Sperrvermerk-Igendwas sollte geschehen

  • Hallo Ihr erfahrenen Familienrechtler,

    kurz vor dem WE noch ein etwas längerer Text, bitte trotzdem lesen!

    Es handelt sich um ein minderjähriges Kind, welches behindert ist.E s bekommt vom Versorgungsamt eine monatliche Rente in Höhe von ca. 2.360,- Euro. Außerdem hat es damals eine Nachzahlung bekommen, wovon eine Eigentumswohnung für das Kind gekauft wurde.
    Das Versorgungsamt hat die Zahlungen an das Kind von der Eintragung eines Sperrvermerkes abhängig gemacht. Der Sperrvermerk wurde auch damals eingetragen.
    Es werden monatlich 2.069,- Euro freigegeben, für die laufenden Kosten.
    Nun ist es leider so, dass die Mutter nicht so bewandert ist.
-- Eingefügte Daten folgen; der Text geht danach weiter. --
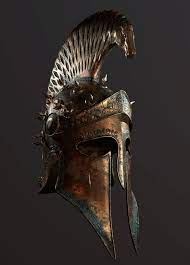 Artstation Corinthian Inspired Fantasy Helmet Etienne Derot Greek Helmet Helmet Armor Medieval Helmets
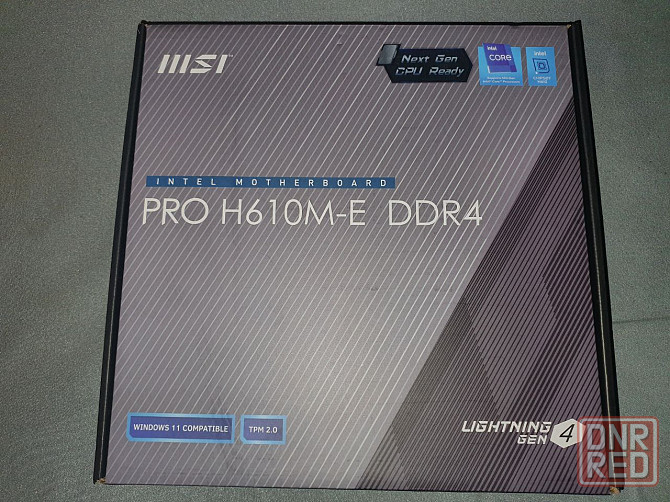 Материнская плата MSI PRO H610M-E DDR4, LGA 1700, Intel H610 Донецк - изображение 2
Sie ist mit der Vermögenssorge des Kindes wohl überfordert und beauftragt deshalb schon seit Jahren einen RA. Dieser beantragt alle Sachen beim Versorgungsamt, geht zu den Eigentümerversammlungen usw.
    Nun ist es so, dass der RA bis jetzt für jeden Antrag immer Gebühren und Auslagen in Rechnung stellte und das Familiengericht die Freigabe der Beträge genehmigte.
    Nun kommt es allerdings vor, dass der Gute immer häufiger Anträge auf Auszahlung stellt und auch für komische Sachen.
    Kürzlich bekam ich einen Antrag auf Genehmigung der Auszahlung von insg. 1.044,- Euro.
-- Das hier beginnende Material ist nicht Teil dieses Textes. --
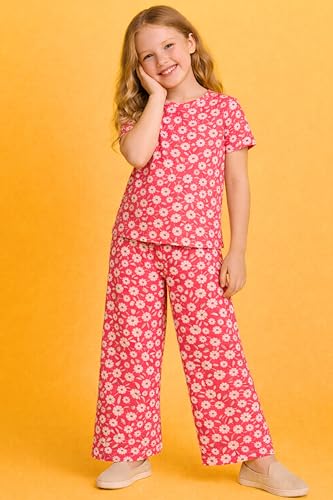 Image of TotzTouch Night Dress Kids Girls - Soft, Comfy & Adorably Stylish Printed Pyjama Set Age 6 Months to 15 Years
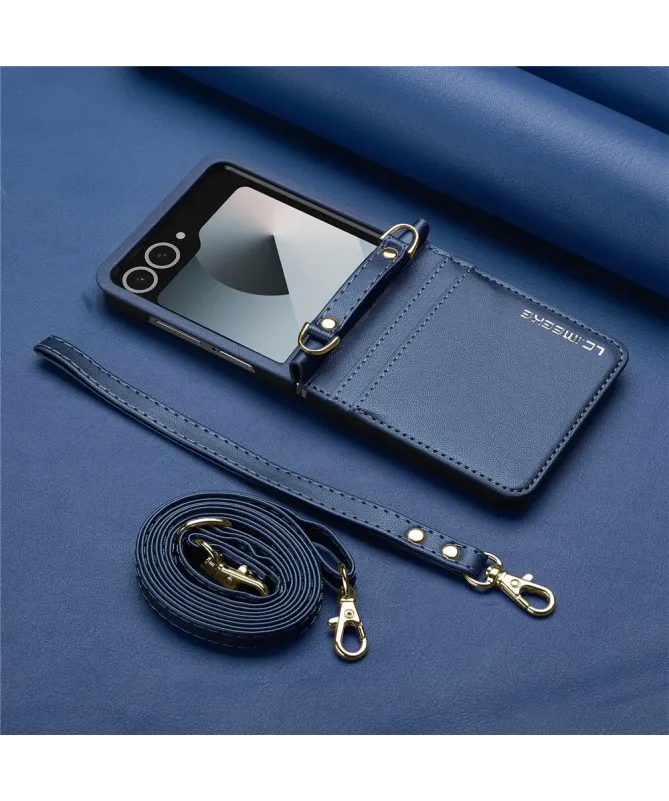 Coque Portefeuille Samsung Galaxy Z Flip 7 avec Bandoulière | NOMADE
    • Für den Antrag auf Bewilligung der Auszahlung von weiteren 173,01 Euro pro Monat für den Mietzins für ein Gerät, was das Kind braucht = 12x 173 = 2076 Euro, daraus eine Gebühr nebst Auslagenpauschale und Mehrwertsteuer = 265,99 Euro

    D.h. der RA hat einen Antrag gestellt auf Genehmigung der monatlichen Freigabe von weiteren 173,01 Euro. Das wurde genehmigt. Dafür, dass dieser Antrag gestellt wurde, will er jetzt eine Verfahrensgebühr. Das kann doch nicht sein. Das würde ja bedeuten, dass das Vermögen des Kindes schrumpft, nur weil ein Sperrvermerk auf diesem Konto angebracht wurde. Wenn der Antrag ohne RA gestellt worden wäre, wären keine Kosten angefallen.
    Das ist der erste Antrag dieser Art in der Akte, obwohl schon mehrere Gelder auf Antrag des RA freigegeben wurden.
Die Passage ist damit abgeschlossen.